Wednesday, 27 January 2010

Earthquakes, safety at sea and studying oceans

Hi all

I found out today that it’s not just the oceans that are very complex, the whole planet is. While the earth surface seems to be solid to us the earth’s surface is actually made up of separate pieces which are called plates. They all fit together a bit like a jig-saw puzzle. These plates are constantly moving, but very slowly. In fact in a year the plates will only have moved a few centimeters. The places where these plates fit together are called fault lines. These are also places where earthquakes can occur. This is quite a difficult topic to cover in my blog so if you want to find out more about these plates and fault lines you can check out the web link below.
http://www.moorlandschool.co.uk/earth/tectonic.htm

The reason I mention this is because I found out that California has a major fault line. I discovered this was called the San Andreas fault, which is a fault that runs throughout California and is famous for causing the 1906 earthquake that nearly devastated the city of San Francisco. There are many fault lines in the Bay Area that are active and produce quakes. Jennifer, one of the education people here at Cordell Bank National Marine Sanctuary took me and Sam to see where part of the fault line is. Although you can see the fault lines marked on maps, you can’t see the actual fault line in real life. However, Jennifer showed me the blue poles that mark where the fault line runs.
I was interested to hear that the San Andreas fault separates the continental plate from the Pacific plate, so I could not resist hopping between plates over the fault line and back again!
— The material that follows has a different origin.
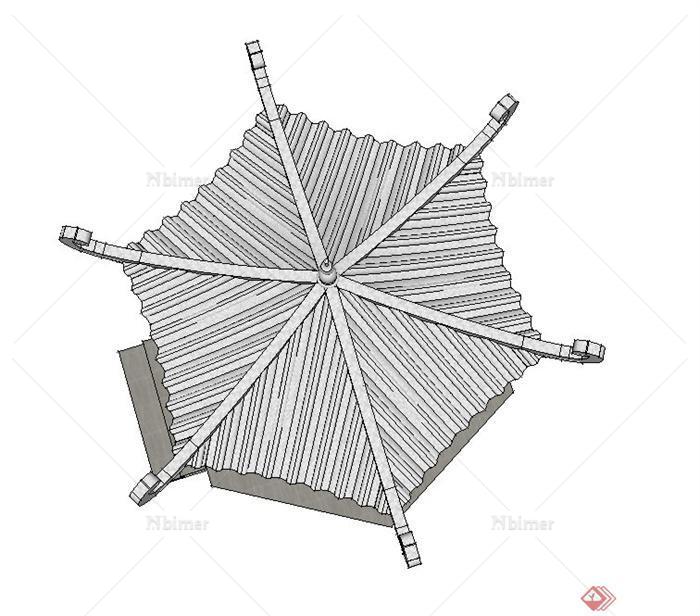 园林景观节点六角带斗拱翘檐亭设计SU模型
Unfortunately I was unable to visit Cordell Bank itself, as its 20 miles offshore and the ocean is quite wild here in the winter time. There has been a powerful storm in the area for sometime so the seas have been quite unsafe for me to visit, so instead the staff at Cordell Bank showed me some of the stuff they use to learn about the waters at Cordell Bank National Marine Sanctuary.

Jennifer showed me a special coat called a “float coat”. They don’t come in small bear sizes so I tried on a human sized one which as you can see is a little big for me, but it was still warm and toasty!

These coats have built in flotation for researchers on a boat, so they can be safe and stay warm too. If they do accidentally fall in the water the coat will keep them afloat. Its water proof as well! Sam said the air temperatures out on the Pacific can be quite chilly even during the summer months, so if you don’t have fur like me, layering clothes for warmth is important.

Check out this crazy instrument. This is a CTD, instrument which stands for Conductivity, Temperature, and Depth. The frame houses special sensors which records information about the surrounding water. The instrument is lowered to just above the seafloor and collects data the whole way down to help scientists understand what the water column is like. A water column is an imaginary area of water (column shaped) from surface of the ocean down to the seabed. Apparently when they do this test near shore outside of San Francisco, they can detect the fresh water that runs out of the San Francisco Bay, whereas farther offshore and north away from the bay, there is much less fresh water to be detected.
The staff here also have a special submersible (like a miniature submarine) to help the research team use to help them monitor and explore the seafloor habitats of Cordell Bank.

They gave me a controlled model one for me to see. Of course this one is even too small for me, but you get the idea. In an area like this, where the habitats are too deep to SCUBA dive in, this is a great way to learn about this sanctuary.